What do we need to know about height of men and height of women to conclude that John is likely to be higher than Kate?

Question

UPDATE:

Changed IQ to height to make question seem less controversial.

Suppose we read article that says men have higher mean height than females (distributions of both populations are approximately normal. Both distributions are relatively unskewed). We would be tempted to conclude that randomly chosen male John(whose height we don't know) is likely(i.e. with more than 50% chance) to be higher than randomly selected female Kate(whose height we don't know too). But there is a problem - I don't see how we can go to such conclusion mathematically (or alternatively, how could we prove that such conclusion is false). It feels like some important details are missing for such conclusion. What should we additonally know to conclude that John is likely to be higher than Kate?

Distributions are relatively unskewed, so we can rule out possibility that either the minority of really high males or the minority of very short females drastically influence the mean of their respective population.

The simplest case would be if we knew that any male is higher than any female. Then the mean height of males would be higher than the mean height of all females. So it would be one possible answer to my question: if we knew that even the shortest male is higher than the hightest female, then we would be able to conclude that John is surely higher than Kate (so no probability here).

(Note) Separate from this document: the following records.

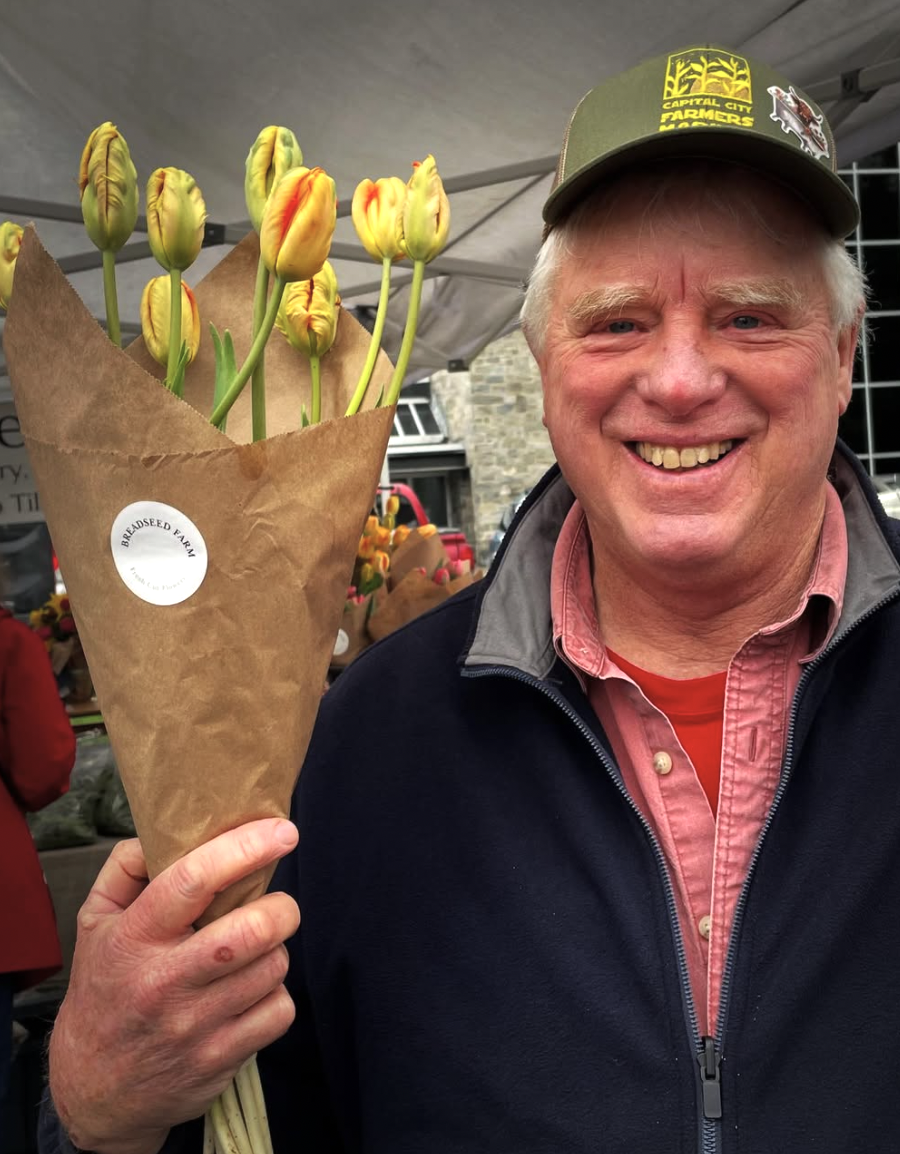 A smiling man holding a bouquet of yellow and orange tulips wrapped in brown paper at an outdoor market.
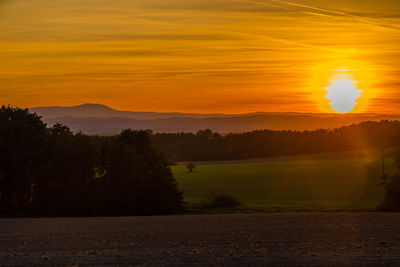 Scenic view of field against orange sky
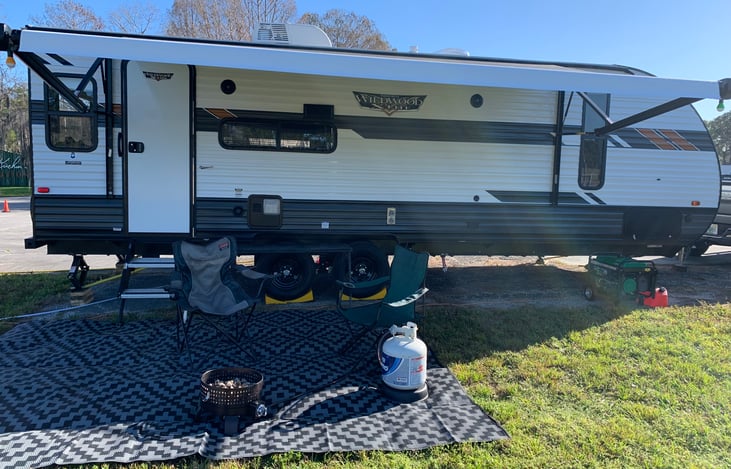 2 outdoor camping chairs, table, and ground covering rug are included.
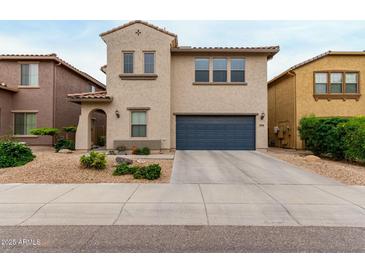 Charming two-story home featuring a well-maintained yard with low-water landscaping at 2533 W Cordia Ln, Phoenix, AZ 85085
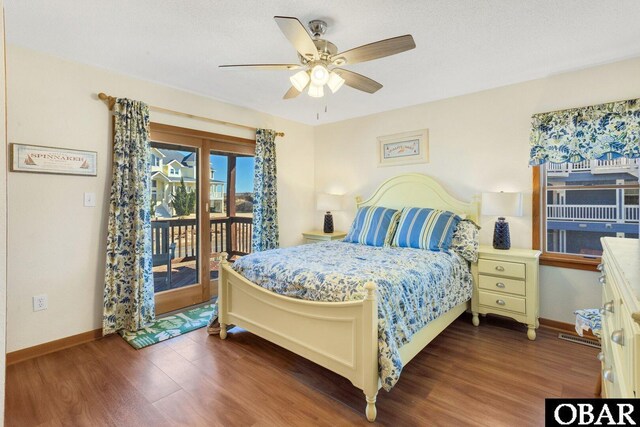 bedroom with access to outside, dark wood-style flooring, and baseboards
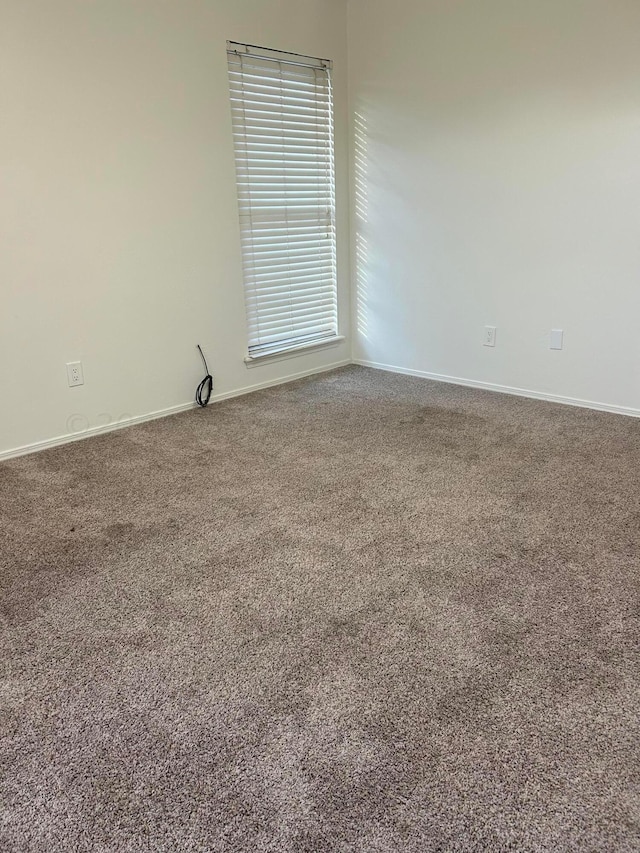 carpeted empty room with baseboards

But under less straightforward circumstances (i.e. when it's NOT true that any male is higher than any female) what do we need to reasonably conclude that John is probably higher than Kate? We could try to say something like "John is likely to be higher than Kate because 51% of males are higher than 51% of females". But such approach looks dubious on closer examination because there are different ways that 51% can be formed. We can prioritize taking the highest avaiable males for 51% of males and be taking the shortiest females first when forming 51% of females. In this case we would be able to say that 51% of males are higher than 51% of females EVEN IF the both population are literally identical! Thus conclusion "John is likely to be higher than Kate" would NOT follow from the premise "51% of males are higher than 51% of females".

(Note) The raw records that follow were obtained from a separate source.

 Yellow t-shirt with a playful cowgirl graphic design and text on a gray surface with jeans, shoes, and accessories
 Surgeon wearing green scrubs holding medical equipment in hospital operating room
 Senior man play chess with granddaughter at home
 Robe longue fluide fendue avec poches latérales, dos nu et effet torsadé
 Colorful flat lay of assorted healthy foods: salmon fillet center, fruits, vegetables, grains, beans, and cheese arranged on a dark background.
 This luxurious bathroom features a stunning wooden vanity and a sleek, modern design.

P.S. I have found video on Khan academy that explains how to calculate probability that random normal variable W is higher than random normal variable M: https://www.khanacademy.org/math/ap-statistics/random-variables-ap/combining-random-variables/v/analyzing-the-difference-in-distributions?modal=1

This seems like a reasonable question about statistics and interpreting probability, but I just want to caution that the motivating example of comparing intelligence of males and females is prone to causing controversy (which doesn't appear to be your intent). If you could perhaps abstract your question, or replace this intelligence comparison with a different analogous situation, that would be appreciated. :-) — Theo Bendit, May 17 '19 at 04:39
@TheoBendit I chose IQ because IQ has normal distribution by design. Probably I could just add warning that my example is fictional and that IQ isn't proper measure of intelligence. — KarmaPeasant, May 17 '19 at 04:44
While its interesting, I agree you should make this more math like. For instance some confidence interval for the difference between two sample populations distributions. — , May 17 '19 at 04:46
@Shogun Sorry, but difficulty with proper formalization of the problem is why I posted it here. Otherwise I would just formalize and solve it myself. It would help if you explained how "confidence interval for the difference between two sample populations distributions" would useful here. Personally I haven't worked with such confidence intervals yet. — KarmaPeasant, May 17 '19 at 04:52
Why not replace intelligence here with height? It seems like your question would then be mathematically the same, without having to make a caveat about whether we can measure intelligence and other potentially problematic claims. — Theoretical Economist, May 17 '19 at 07:12
Otherwise, instead of asking who is smarter, why not ask who has the higher IQ. This allows you to sidestep some of the non-mathematical issues with your question. Though comparing heights is probably better. (Suppose you can’t compare their heights visually.) — Theoretical Economist, May 17 '19 at 07:15

angryavian · Accepted Answer · 2019-05-17T16:52:29.350

1

If $X_1 \sim N(\mu_1, \sigma_1^2)$ and $X_2 \sim N(\mu_2, \sigma_2^2)$ are independent, then their difference follows the distribution $X_1 - X_2 \sim N(\mu_1 - \mu_2, \sigma_1^2 + \sigma_2^2)$. You can then compute $P(X_1 > X_2) = \Phi(\frac{\mu_1 - \mu_2}{\sqrt{\sigma_1^2+\sigma_2^2}})$ where $\Phi$ is the CDF of the standard normal distribution. When $\mu_1 > \mu_2$, the above probability can be anything between $0.5$ and $1$, depending on the values of $\mu_1, \mu_2, \sigma_1^2, \sigma_2^2$.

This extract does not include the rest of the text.